Re: Improve planner cost estimations for alternative subplans

From: Tomas Vondra <tomas(dot)vondra(at)2ndquadrant(dot)com>
To: Melanie Plageman <melanieplageman(at)gmail(dot)com>
Cc: Alexey Bashtanov <bashtanov(at)imap(dot)cc>, PostgreSQL Hackers <pgsql-hackers(at)postgresql(dot)org>
Subject: Re: Improve planner cost estimations for alternative subplans
Date: 2020-06-20 23:30:30
Message-ID: 20200620233030.jcxdjd6njwaajzrr@development
Views: Raw Message | Whole Thread | Download mbox | Resend email
Thread:
Lists: pgsql-hackers

On Wed, Jun 17, 2020 at 06:21:58PM -0700, Melanie Plageman wrote:
>On Fri, Jun 5, 2020 at 9:08 AM Alexey Bashtanov <bashtanov(at)imap(dot)cc> wrote:
>
>>
>> In [1] we found a situation where it leads to a suboptimal plan,
>> as it bloats the overall cost into large figures,
>> a decision related to an outer part of the plan look negligible to the
>> planner,
>> and as a result it doesn't elaborate on choosing the optimal one.
>>
>>
>Did this geometric average method result in choosing the desired plan for
>this case?
>
>
>> The patch is to fix it.
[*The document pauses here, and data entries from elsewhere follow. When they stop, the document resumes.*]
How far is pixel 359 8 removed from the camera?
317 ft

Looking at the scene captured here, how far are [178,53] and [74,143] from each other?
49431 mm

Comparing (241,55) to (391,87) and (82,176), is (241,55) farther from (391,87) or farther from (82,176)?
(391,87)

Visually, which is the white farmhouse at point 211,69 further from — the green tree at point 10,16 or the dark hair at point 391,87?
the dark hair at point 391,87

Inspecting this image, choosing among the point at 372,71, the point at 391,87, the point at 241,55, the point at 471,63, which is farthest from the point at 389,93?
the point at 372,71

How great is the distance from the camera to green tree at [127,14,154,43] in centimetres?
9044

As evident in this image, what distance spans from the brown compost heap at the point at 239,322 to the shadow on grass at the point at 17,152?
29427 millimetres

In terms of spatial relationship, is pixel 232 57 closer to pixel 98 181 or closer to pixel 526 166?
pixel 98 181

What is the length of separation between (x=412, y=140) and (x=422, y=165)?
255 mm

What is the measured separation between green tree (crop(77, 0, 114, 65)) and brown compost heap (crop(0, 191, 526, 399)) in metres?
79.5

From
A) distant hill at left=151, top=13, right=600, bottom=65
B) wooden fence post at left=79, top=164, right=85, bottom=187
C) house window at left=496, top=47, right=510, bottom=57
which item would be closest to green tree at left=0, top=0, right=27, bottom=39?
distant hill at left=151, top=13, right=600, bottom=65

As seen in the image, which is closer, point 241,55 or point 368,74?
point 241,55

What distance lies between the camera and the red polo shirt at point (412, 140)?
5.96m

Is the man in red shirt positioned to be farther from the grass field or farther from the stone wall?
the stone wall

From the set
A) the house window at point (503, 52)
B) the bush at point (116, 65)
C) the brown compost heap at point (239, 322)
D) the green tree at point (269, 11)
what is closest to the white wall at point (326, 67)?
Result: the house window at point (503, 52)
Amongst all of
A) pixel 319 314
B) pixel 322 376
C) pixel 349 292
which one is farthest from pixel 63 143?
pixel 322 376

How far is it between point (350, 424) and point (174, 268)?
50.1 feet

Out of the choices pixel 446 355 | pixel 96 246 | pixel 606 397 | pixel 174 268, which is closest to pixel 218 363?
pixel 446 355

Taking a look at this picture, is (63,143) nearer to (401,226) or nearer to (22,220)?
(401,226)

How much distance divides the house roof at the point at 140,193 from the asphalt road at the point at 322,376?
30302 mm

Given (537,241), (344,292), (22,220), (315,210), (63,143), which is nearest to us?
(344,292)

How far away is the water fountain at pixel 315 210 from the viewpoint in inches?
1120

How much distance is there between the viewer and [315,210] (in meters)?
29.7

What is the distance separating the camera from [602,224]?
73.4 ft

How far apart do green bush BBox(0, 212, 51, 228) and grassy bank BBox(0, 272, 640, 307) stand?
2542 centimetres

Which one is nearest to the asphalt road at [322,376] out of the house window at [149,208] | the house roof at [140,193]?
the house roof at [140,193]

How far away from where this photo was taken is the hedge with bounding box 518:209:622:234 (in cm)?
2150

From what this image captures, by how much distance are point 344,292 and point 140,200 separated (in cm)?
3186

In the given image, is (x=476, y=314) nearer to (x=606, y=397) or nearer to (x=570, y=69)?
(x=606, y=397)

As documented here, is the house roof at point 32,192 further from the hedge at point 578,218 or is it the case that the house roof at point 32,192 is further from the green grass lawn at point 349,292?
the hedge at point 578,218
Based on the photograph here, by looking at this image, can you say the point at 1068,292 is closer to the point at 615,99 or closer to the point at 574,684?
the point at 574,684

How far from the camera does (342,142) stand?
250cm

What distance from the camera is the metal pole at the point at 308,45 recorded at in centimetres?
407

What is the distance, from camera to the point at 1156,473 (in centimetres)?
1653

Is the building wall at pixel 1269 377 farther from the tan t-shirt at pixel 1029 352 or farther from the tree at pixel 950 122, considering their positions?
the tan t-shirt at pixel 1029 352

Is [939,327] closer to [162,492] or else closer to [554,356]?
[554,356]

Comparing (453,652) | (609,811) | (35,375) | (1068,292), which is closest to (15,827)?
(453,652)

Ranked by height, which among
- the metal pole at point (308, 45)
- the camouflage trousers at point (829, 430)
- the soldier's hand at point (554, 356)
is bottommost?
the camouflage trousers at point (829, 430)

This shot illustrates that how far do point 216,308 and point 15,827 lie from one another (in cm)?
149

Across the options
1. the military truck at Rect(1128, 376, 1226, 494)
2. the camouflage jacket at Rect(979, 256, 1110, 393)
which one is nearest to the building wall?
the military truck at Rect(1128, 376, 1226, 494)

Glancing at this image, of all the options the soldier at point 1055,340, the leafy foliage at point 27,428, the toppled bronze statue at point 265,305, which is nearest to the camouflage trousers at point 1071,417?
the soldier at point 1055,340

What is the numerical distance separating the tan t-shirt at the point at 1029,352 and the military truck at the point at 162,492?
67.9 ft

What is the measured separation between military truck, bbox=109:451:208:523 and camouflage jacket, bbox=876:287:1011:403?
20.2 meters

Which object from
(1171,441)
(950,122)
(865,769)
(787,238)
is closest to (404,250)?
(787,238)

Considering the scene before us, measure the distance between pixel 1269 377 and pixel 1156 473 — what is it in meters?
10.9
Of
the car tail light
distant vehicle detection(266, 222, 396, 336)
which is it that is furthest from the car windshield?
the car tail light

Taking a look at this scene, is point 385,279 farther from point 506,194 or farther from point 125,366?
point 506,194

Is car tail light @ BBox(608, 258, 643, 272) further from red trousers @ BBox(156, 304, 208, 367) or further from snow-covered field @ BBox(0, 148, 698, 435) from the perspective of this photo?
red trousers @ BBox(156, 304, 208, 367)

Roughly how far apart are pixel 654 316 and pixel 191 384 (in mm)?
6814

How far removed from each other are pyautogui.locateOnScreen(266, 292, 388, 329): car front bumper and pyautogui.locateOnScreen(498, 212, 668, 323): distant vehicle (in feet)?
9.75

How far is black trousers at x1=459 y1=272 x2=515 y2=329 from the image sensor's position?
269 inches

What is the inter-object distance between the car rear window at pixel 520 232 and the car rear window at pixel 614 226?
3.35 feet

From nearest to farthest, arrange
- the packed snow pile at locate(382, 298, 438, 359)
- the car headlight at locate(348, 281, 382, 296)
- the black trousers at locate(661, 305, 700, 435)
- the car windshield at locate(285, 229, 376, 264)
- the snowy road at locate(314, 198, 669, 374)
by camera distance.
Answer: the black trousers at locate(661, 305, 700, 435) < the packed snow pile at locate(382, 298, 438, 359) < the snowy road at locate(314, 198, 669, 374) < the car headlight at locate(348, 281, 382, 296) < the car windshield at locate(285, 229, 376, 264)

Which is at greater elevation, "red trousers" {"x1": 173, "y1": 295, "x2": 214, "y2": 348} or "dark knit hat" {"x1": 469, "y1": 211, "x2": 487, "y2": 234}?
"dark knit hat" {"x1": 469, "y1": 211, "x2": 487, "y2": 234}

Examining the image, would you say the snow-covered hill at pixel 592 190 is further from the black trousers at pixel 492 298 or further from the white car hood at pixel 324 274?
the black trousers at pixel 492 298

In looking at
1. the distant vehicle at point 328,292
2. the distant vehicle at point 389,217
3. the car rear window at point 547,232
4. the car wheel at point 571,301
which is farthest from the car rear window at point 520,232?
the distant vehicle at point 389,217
Our linear model for costs cannot quite accommodate
>> the piecewise linear matter of alternative subplans,
>> so it is based on ugly heuristics and still cannot be very precise,
>> but I think it's better than the current one.
>>
>> Thoughts?
>>
>>
>Is there another place in planner where two alternatives are averaged
>together and that cost is used?
>
>To me, it feels a little bit weird that we are averaging together the
>startup cost of a plan which will always have a 0 startup cost and a
>plan that will always have a non-zero startup cost and the per tuple
>cost of a plan that will always have a negligible per tuple cost and one
>that might have a very large per tuple cost.
>
>I guess it feels different because instead of comparing alternatives you
>are blending them.
>
>I don't have any academic basis for saying that the alternatives costs
>shouldn't be averaged together for use in the rest of the plan, so I
>could definitely be wrong.
>

I agree it feels weird. Even if it actually improved the problematic
case, I think it'll be quite hard to convince ourselves this helps in
general. For example, for cases that actually end up using the first
plan, this is bound to make the estimates worse. I find it hard to
believe it won't cause regressions in at least some cases.

Maybe this heuristics really is better than the old one, but I think we
need to understand why - a single query probably is not enough.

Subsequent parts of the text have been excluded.